### Exercise directions
Copy exactly, from the beginning of the material below, every line up to and including the one holding "A modern air", with the pictures left out.

### Material supplied
---

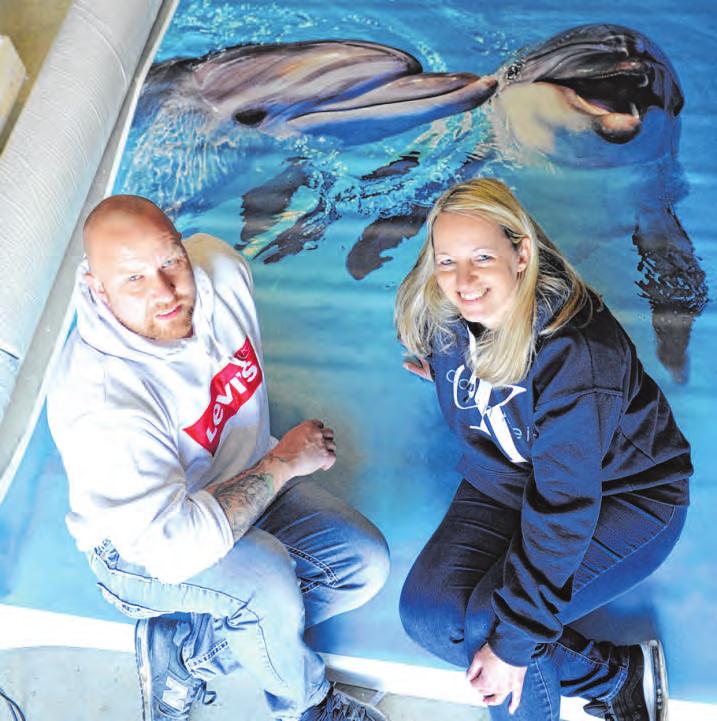 Christian Richter und Lebensgefährtin Bettina Irmler sitzen in der Werkstatt vor einem Bild mit Delfinen. Es ist eines der Motive, die sich mit einem enorm realistischen 3D-Effekt verlegen lassen. Wenn die letzte Schicht aufgetragen ist, wird es so aussehen, als ob die Flipper dem Betrachter ihre Nasen zum Streicheln entgegenstrecken. Foto: Palapies Christian Richter und Lebensgefährtin Bettina Irmler sitzen in der Werkstatt vor einem Bild mit Delfinen. Es ist eines der Motive, die sich mit einem enorm realistischen 3D-Effekt verlegen lassen. Wenn die letzte Schicht aufgetragen ist, wird es so aussehen, als ob die Flipper dem Betrachter ihre Nasen zum Streicheln entgegenstrecken. Foto: Palapies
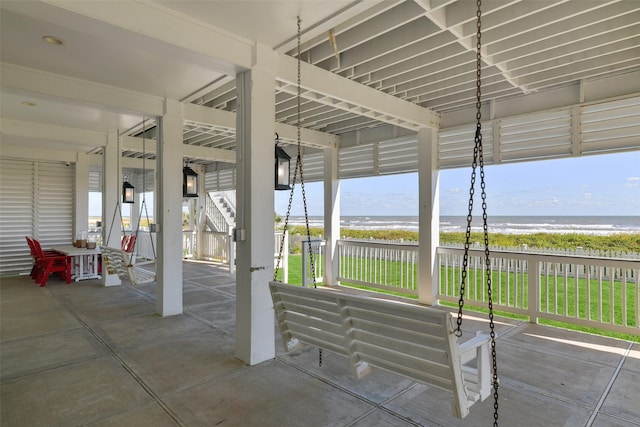 11707 Beachside, Galveston, TX 77554 - view of patio with view of water and beach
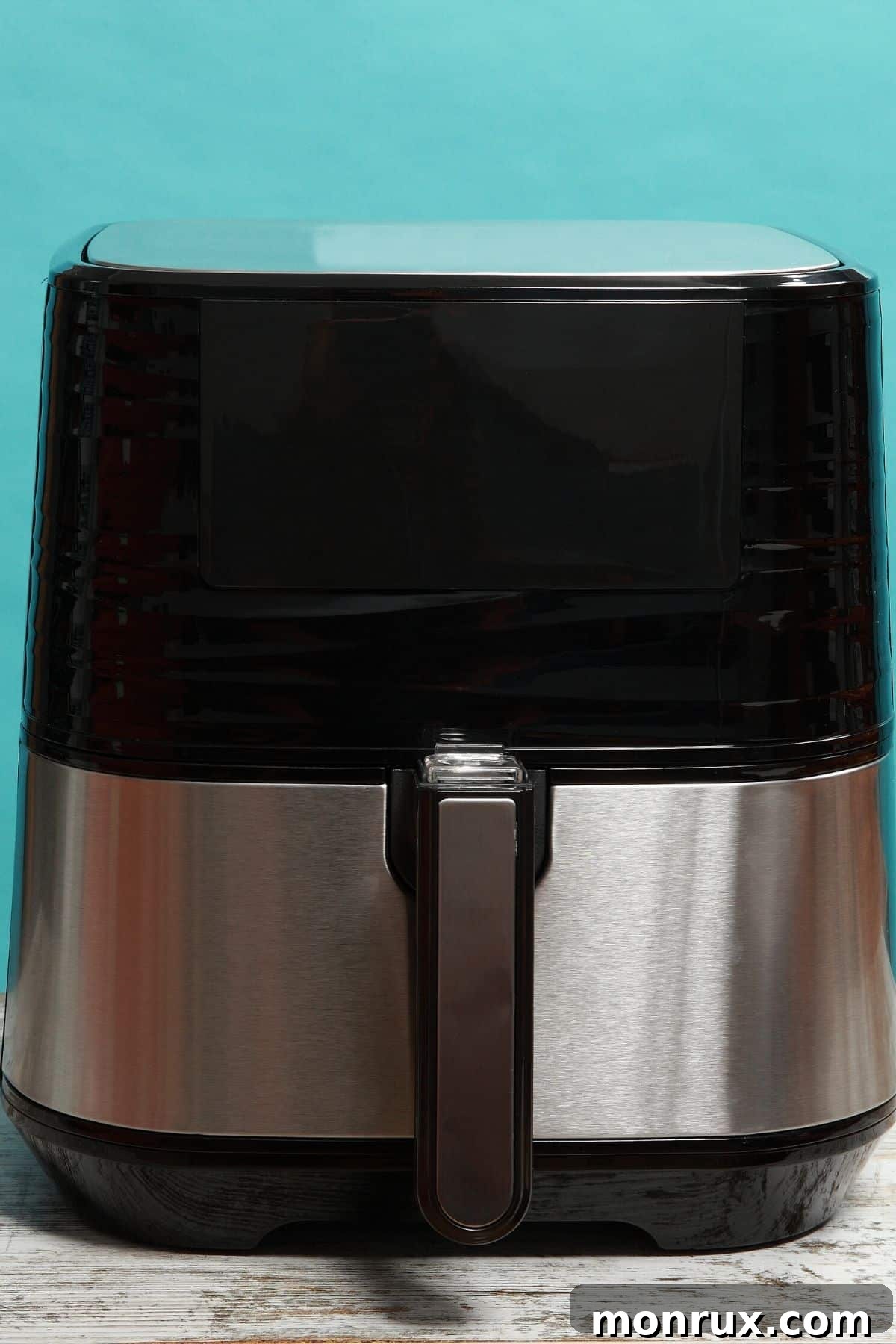 A modern air fryer sits on a clean kitchen countertop, ready for use.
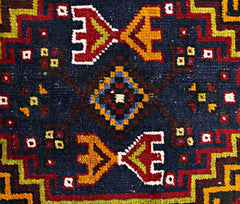 A vintage Turkish Taspinar rug featuring a geometric pattern in red, yellow, and blue on navy wool.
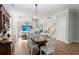 Charming dining room with a decorative chandelier and an open view into the living area at 122 Yorkshire Dr, Moncks Corner, SC 29461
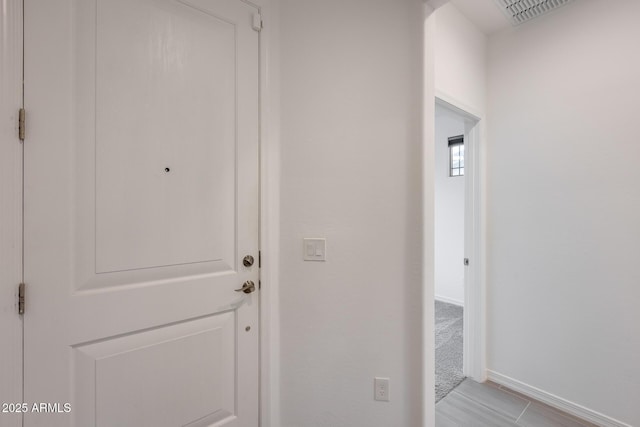 hallway featuring visible vents and baseboards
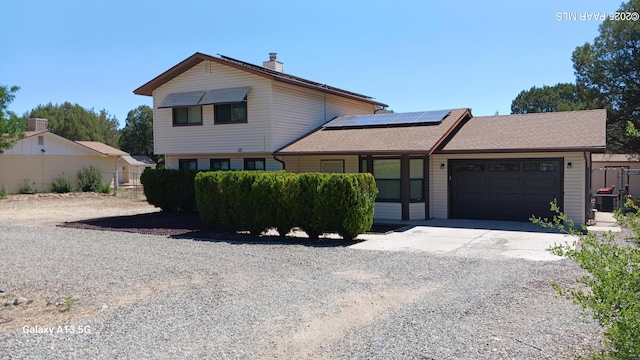 3035 Hozoni Rd, Prescott, AZ 86305 - tri-level home with driveway, a garage, roof mounted solar panels, a chimney, and a shingled roof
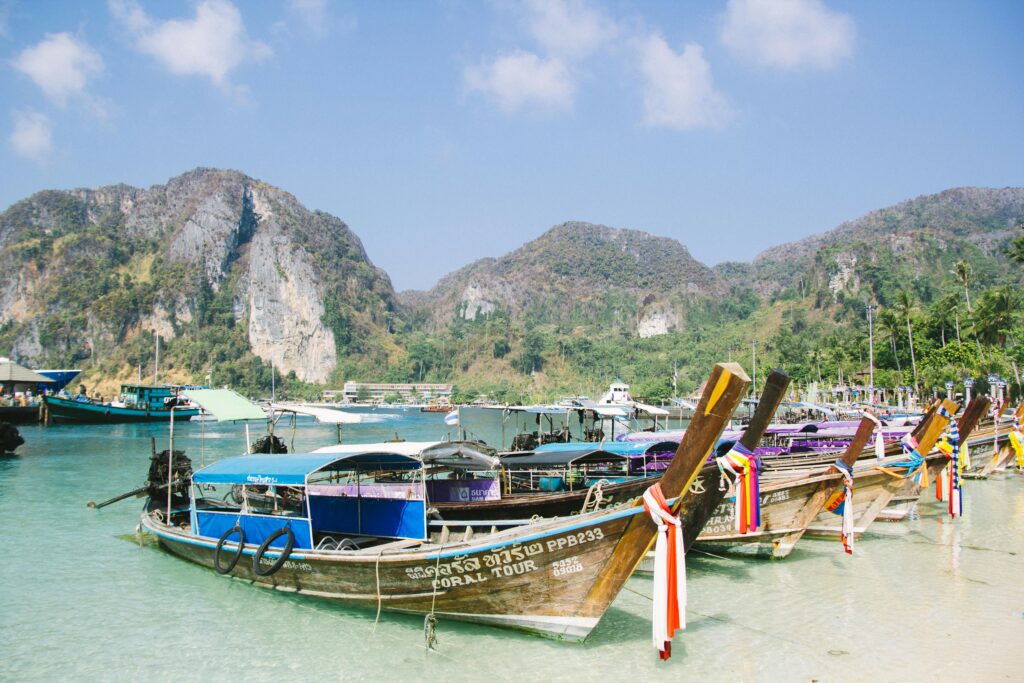 Colorful longtail boats docked by tropical mountains under a clear sky, perfect vacation scene.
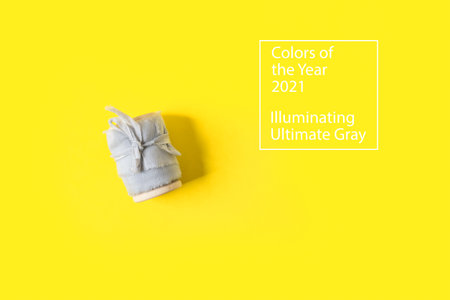 Flat lay with gray tape on trendy yellow background with copy space. Illuminating Yellow and Ultimate Gray, new colors of the year 2021.の写真素材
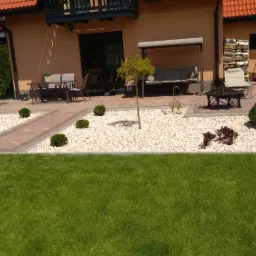 Ujęcie ogrodu z trawnikiem, ścieżką z kostki, rabatami z białym kamieniem, ozdobnymi krzewami i drzewami, z tarasem przy domu z meblami ogrodowymi i huśtawką.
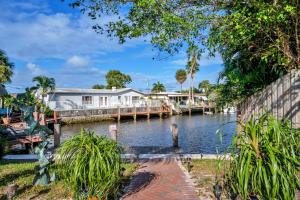 a body of water with a house and a dock at Purely Pompano, Pool, Water front, Paddleboard, Beach, 5 bedroom 3 bath in Pompano Beach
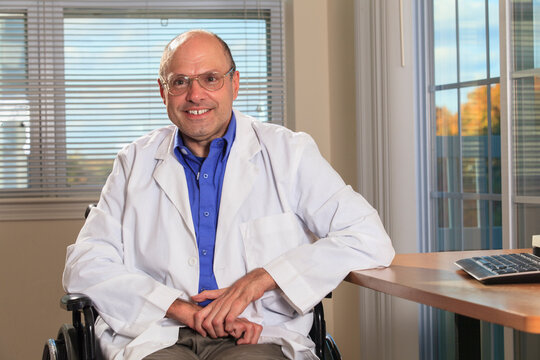 Man with Friedreich's Ataxia and deformed hands as a doctor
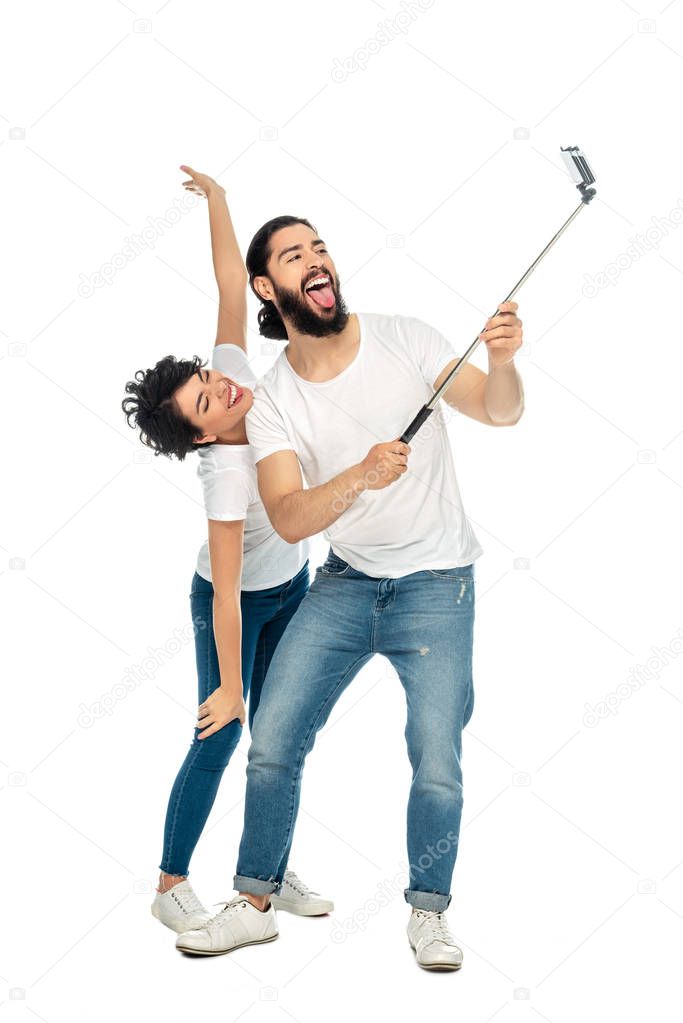 happy latin man showing tongue near brunette woman with outstretched hands while holding selfie stick and taking selfie isolated on white 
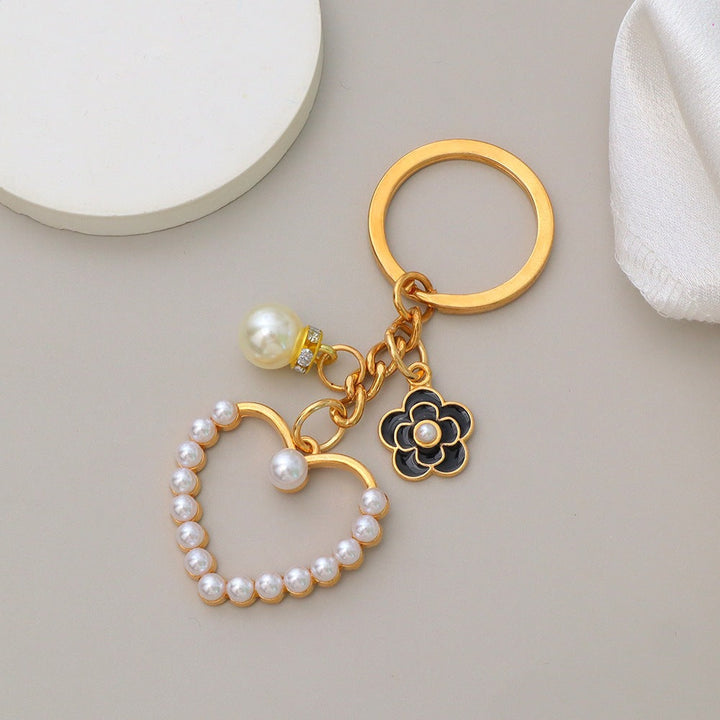 Elegant women's bag charm with heart & flower motif, perfect for key organization.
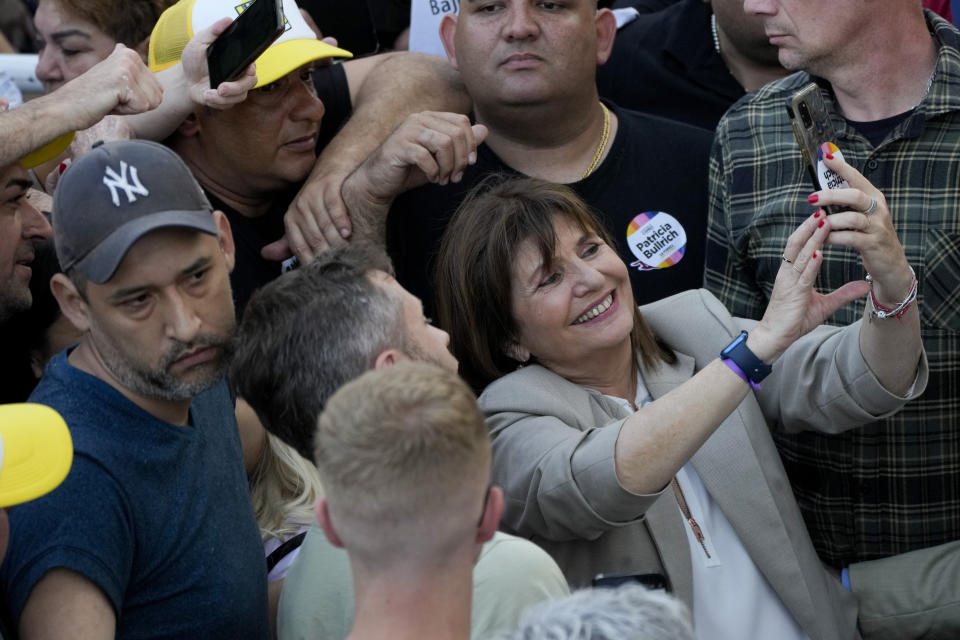 "Juntos por el Cambio" presidential candidate Patricia Bullrich has a selfie taken with her supporters during a campaign rally in Buenos Aires, Argentina Oct. 16, 2023. General elections are set for Oct. 22. (AP Photo/Natacha Pisarenko)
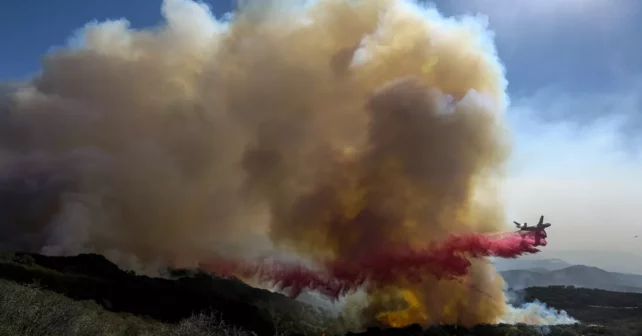 Nuage de retardateur de feu éclatant sur un paysage vallonné vert-brun en feu, sur un ciel bleu.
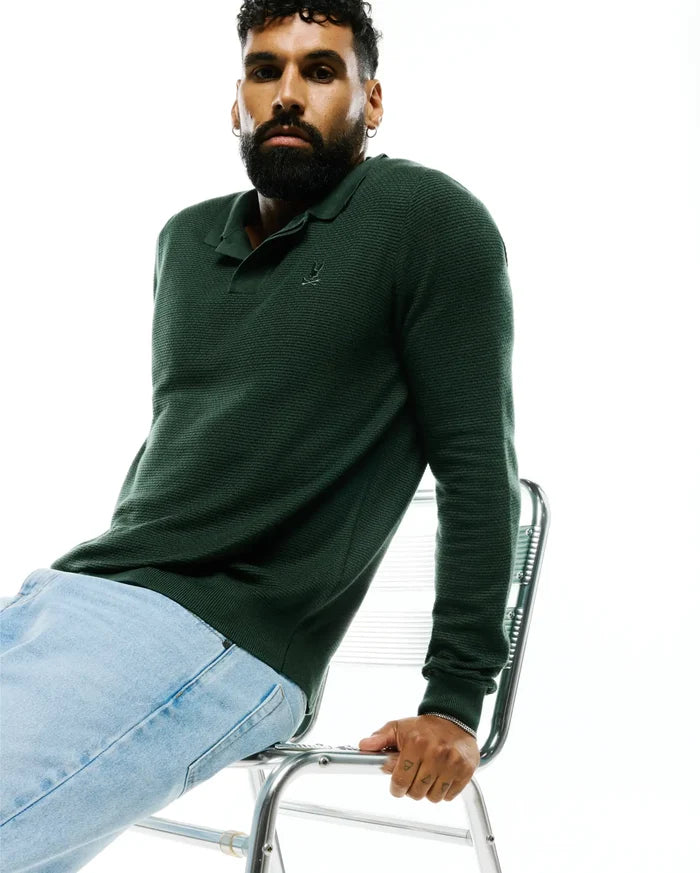 MENS LEROY LONG SLEEVE KNIT POLO in deep forest green, featuring a textured knit fabric, classic collar, ribbed cuffs, and a small embroidered Psycho Bunny skull logo on the left chest.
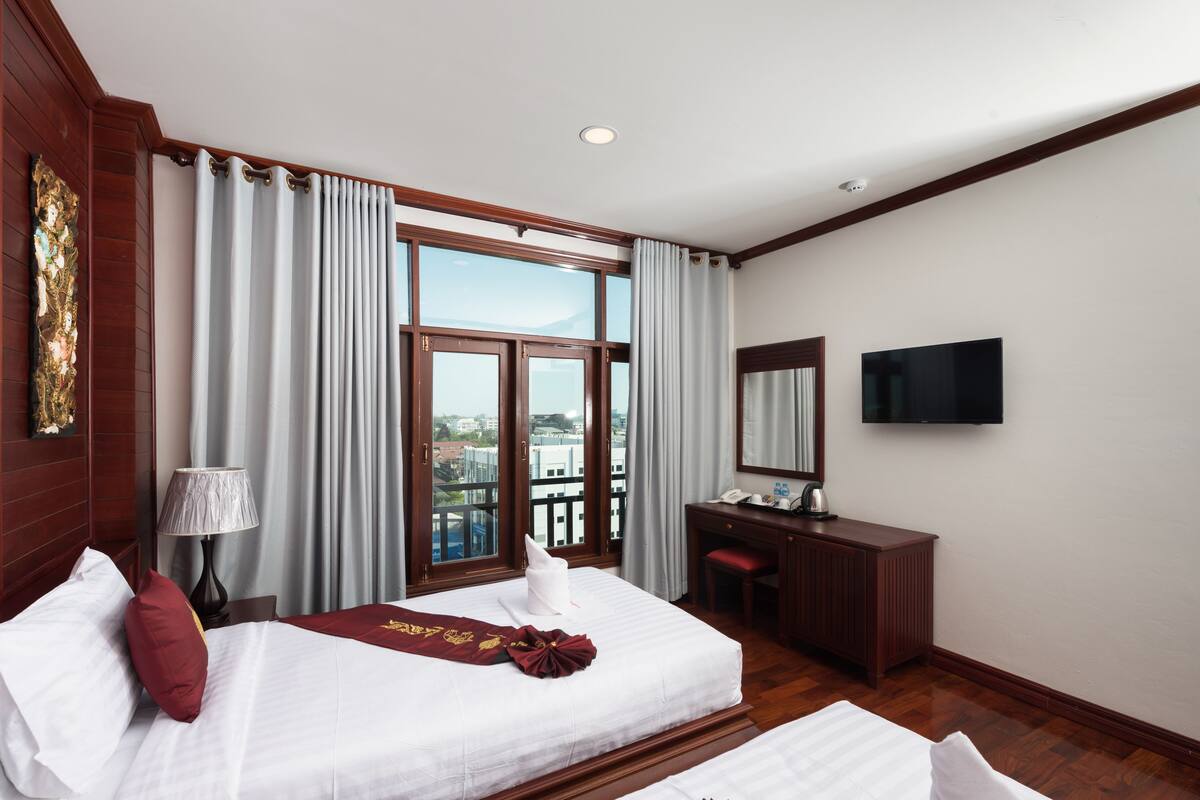 A hotel room with a bed, a desk, a chair, a TV, and a window with curtains.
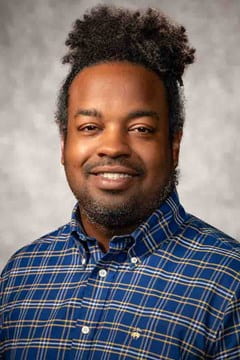 An image of a black male with a plaid shirt and dark long curly hair pulled back.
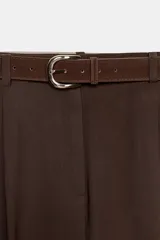 Pantalón de tiro alto con pinzas delanteras, bolsillos laterales y cierre frontal con cremallera y gancho. Incluye un cinturón a contraste con hebilla metálica.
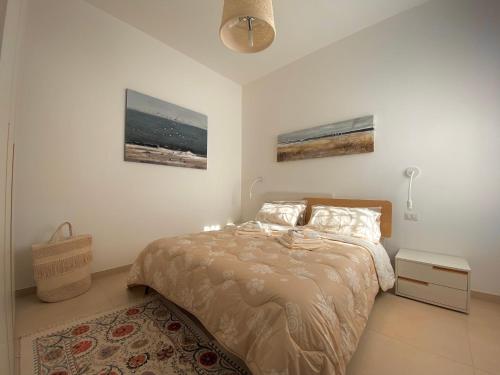 a bedroom with a bed and a nightstand and two pictures at Villetta frontemare Torre Suda Salento in Torre Suda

---

### Task answer
 Christian Richter und Lebensgefährtin Bettina Irmler sitzen in der Werkstatt vor einem Bild mit Delfinen. Es ist eines der Motive, die sich mit einem enorm realistischen 3D-Effekt verlegen lassen. Wenn die letzte Schicht aufgetragen ist, wird es so aussehen, als ob die Flipper dem Betrachter ihre Nasen zum Streicheln entgegenstrecken. Foto: Palapies Christian Richter und Lebensgefährtin Bettina Irmler sitzen in der Werkstatt vor einem Bild mit Delfinen. Es ist eines der Motive, die sich mit einem enorm realistischen 3D-Effekt verlegen lassen. Wenn die letzte Schicht aufgetragen ist, wird es so aussehen, als ob die Flipper dem Betrachter ihre Nasen zum Streicheln entgegenstrecken. Foto: Palapies
 11707 Beachside, Galveston, TX 77554 - view of patio with view of water and beach
 A modern air fryer sits on a clean kitchen countertop, ready for use.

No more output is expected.